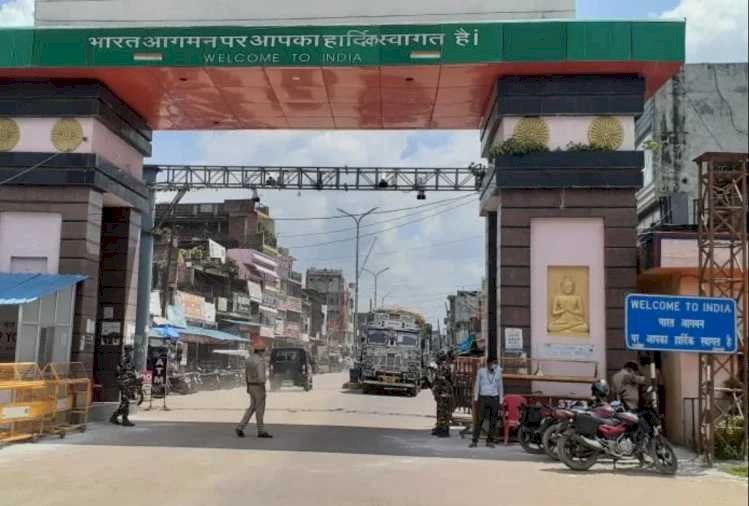 नेपाल ने खोली दस माह से बंद नेपाल -भारत सीमा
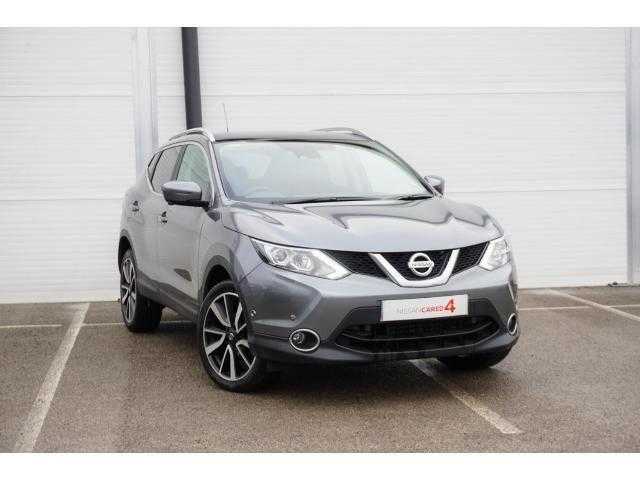 Nissan Qashqai 2017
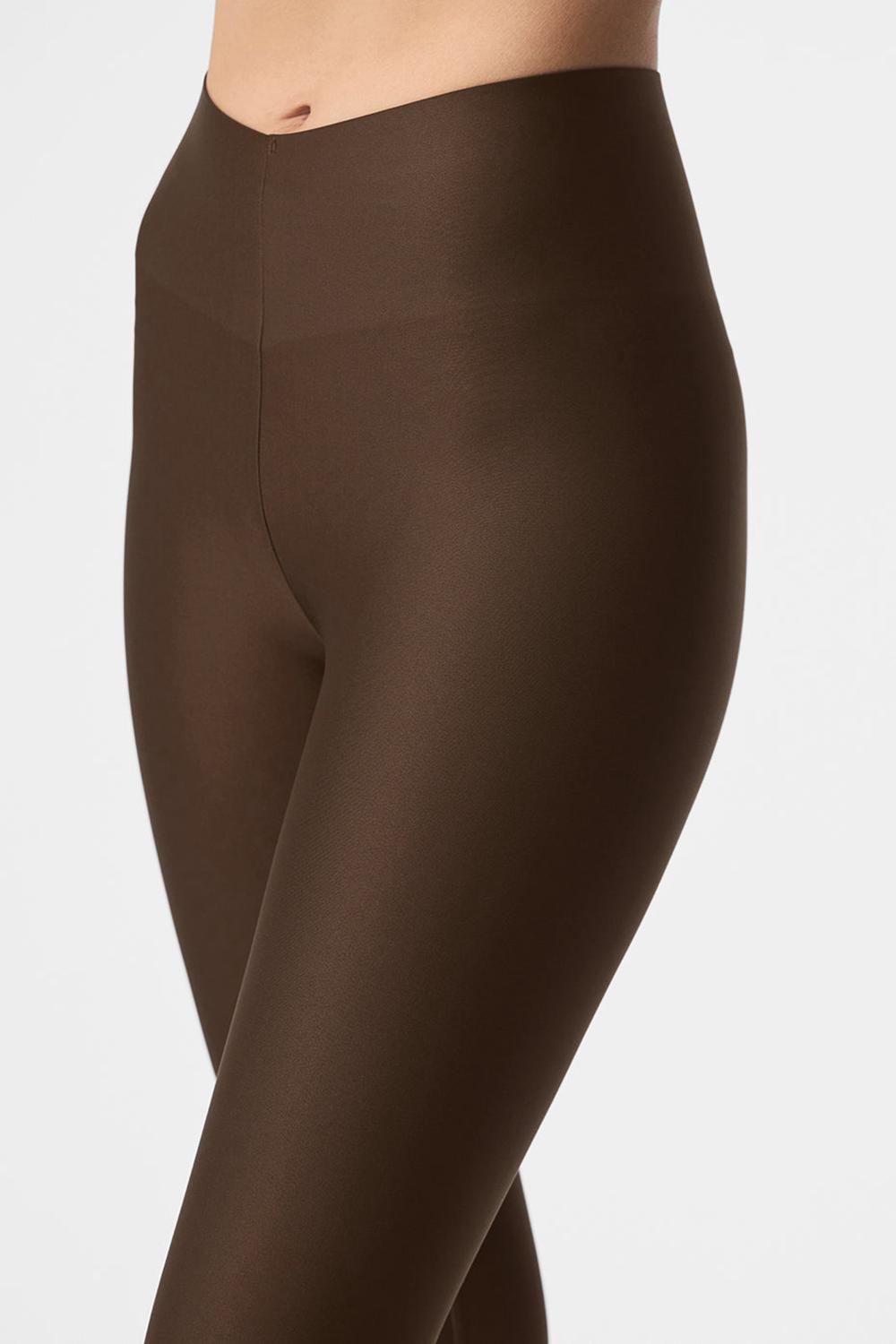 Alo Yoga Airlift Strength Extreme High-Waist 7/8 Naisten Leggings Espresso | Suomi  0295-CHJSD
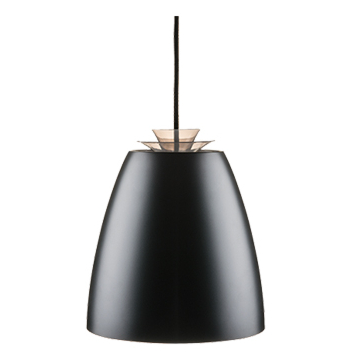 SG 312364 Bell Midi Zwart/Wit 10W LED 590 lm 2700K Warm Wit Ra 90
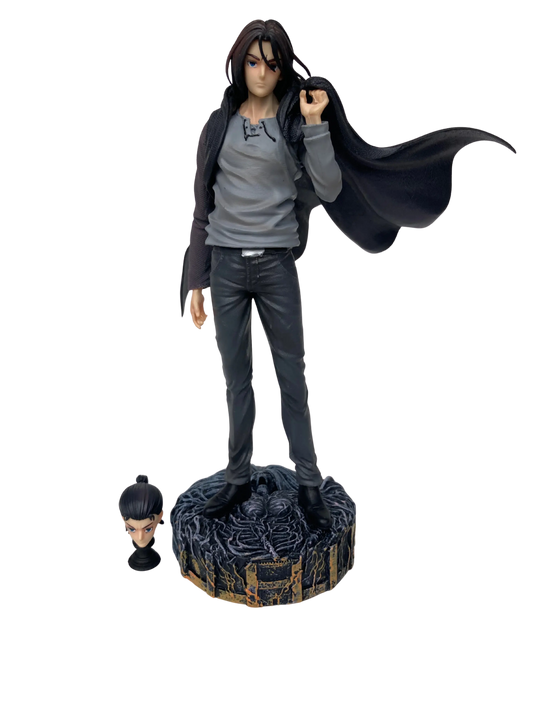 Eren Jaeger Figure Statue SDPWORLD
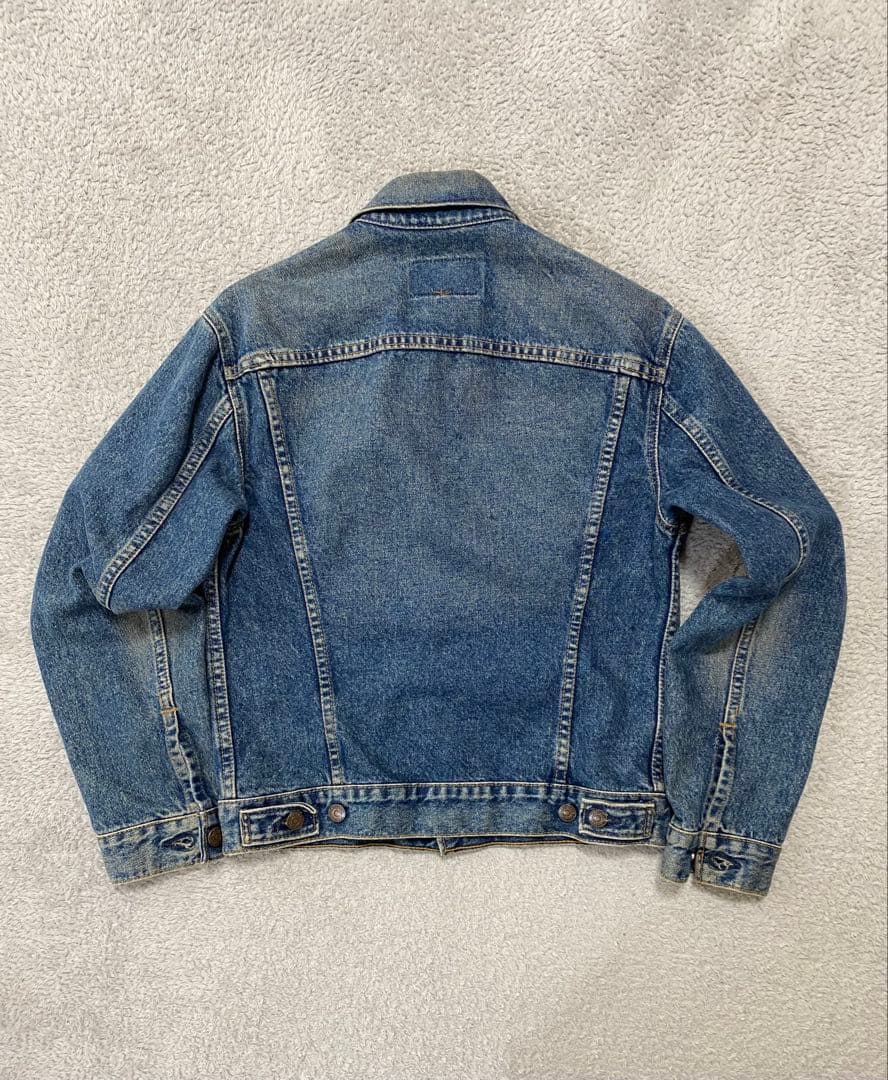 90s Levi's 70505 デニムジャケット USA製　リーバイス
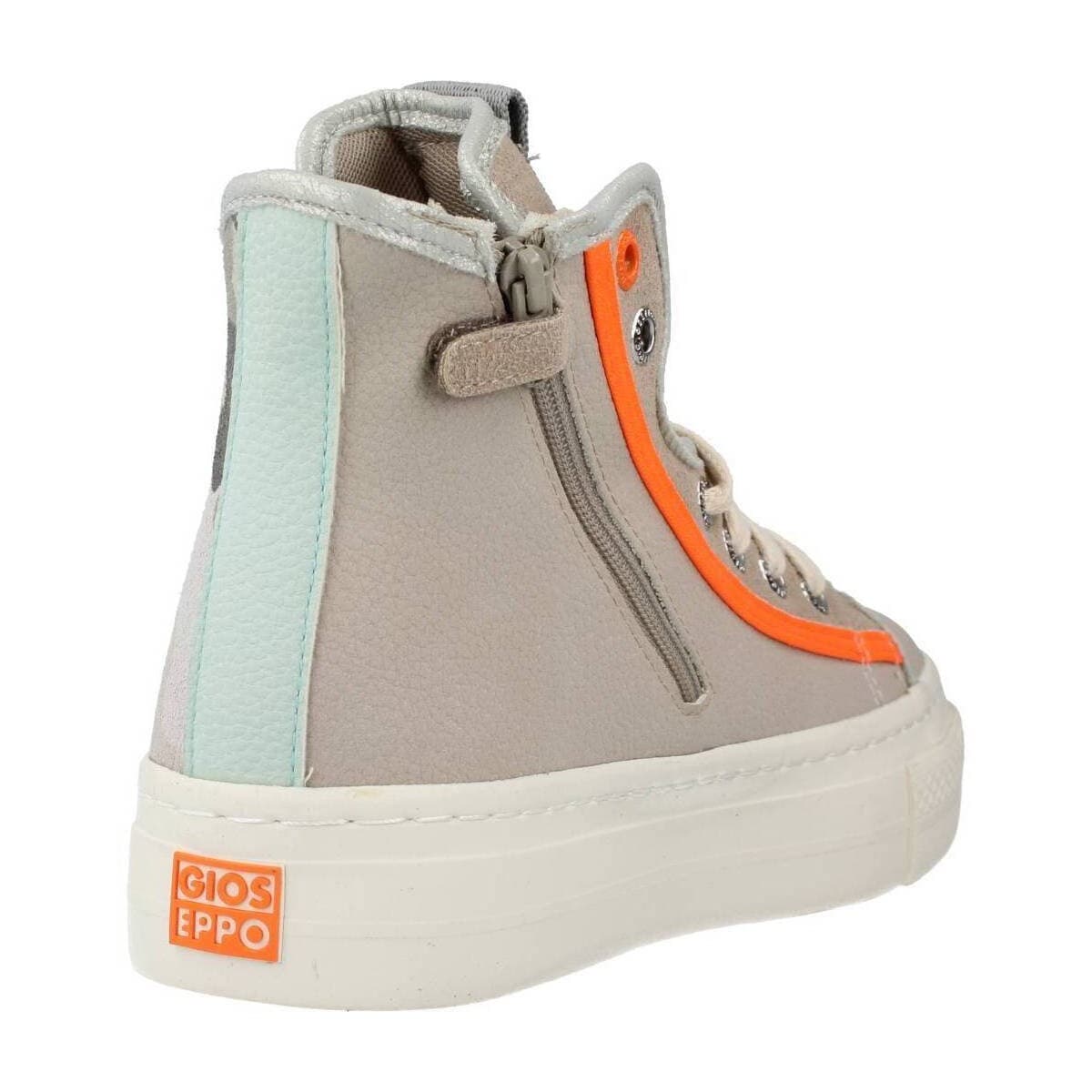 Girls' Boots Gioseppo Beige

#####

→ **Brief**:
Please copy out the whole listing exactly, minus its pictures.

→ **Answer**:
 नेपाल ने खोली दस माह से बंद नेपाल -भारत सीमा
 Nissan Qashqai 2017
 Alo Yoga Airlift Strength Extreme High-Waist 7/8 Naisten Leggings Espresso | Suomi  0295-CHJSD
 SG 312364 Bell Midi Zwart/Wit 10W LED 590 lm 2700K Warm Wit Ra 90
 Eren Jaeger Figure Statue SDPWORLD
 90s Levi's 70505 デニムジャケット USA製　リーバイス
 Girls' Boots Gioseppo Beige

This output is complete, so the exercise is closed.